The fight scenes throughout are laughable with some of the kicks and punches clearly not connecting coupled with sound effects straight from Batman the TV show. Guile's comedic leap from Blanka's mutation chamber near the end of the movie is ridiculous and the majority of the fight sequences are obviously single takes carelessly edited together. In fact for a movie that has both the words “street” and “fight” in its title there's not a whole lot of fighting actually on show. There are some passable shootouts and some average explosions but apart from that there's nothing else worth mentioning. Each character from the video game has three or four unique signature moves that are unfortunately missing from the movie with De Souza foolishly deciding to rely on the plotline and “acting” to keep the audience interested. What a big mistake. The acting on display has been bettered by Emmerdale and that's saying something. I can't think of one actor who was convincing in this movie, even Julia, whose performance is acceptable, manages to lose the plot slightly with his portrayal of the manic Bison. De Souza does try to include some elements of humor which may have worked if only the rest of the movie had not been so appalling.
I suppose that writing a screenplay around a bunch of pixilated characters might be a difficult task but the video games do give some character background, there are actually Street Fighter novels available that contain some passable storylines and “Mortal Kombat” didn't result in such a disastrous piece of film-making. It seems that this movie tries to be a bit more serious than its content will allow. With a movie that was aimed mainly at pubescent teenagers, and already had a huge audience waiting, a lot of cool fight sequences including dragon punches (Shōryū-ke), fireball punches (Hadōken)and tornado kicks (Tatsumaki-Senpū kyaku), strung together with a vague plot, would have kept everyone happy. A lot of characters in the movie do resemble the characters from the game but their sparse attempts at the games special moves look decidedly lame, as is the movie's finale with all characters appearing in their familiar video game garb.

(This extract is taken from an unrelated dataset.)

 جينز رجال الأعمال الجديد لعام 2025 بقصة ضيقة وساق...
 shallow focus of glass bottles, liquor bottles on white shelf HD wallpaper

Guile manages to pull off a flash kick and Cammy does yell out “Thrust kick” at one stage but where are the fireballs and sonic booms? Unfortunately with a plot that attempts to bring Guile, Bison, Chun-Li et al. into the “real world”, coupled with some of the worst acting I have ever seen, Street Fighter does not even contain any unintentional hilarity to redeem itself. It's not surprising that De Souza had to forgo his salary to pay for his cast. I wonder will the up and coming “Street Fighter - The Legend of Chun Li” fare any better?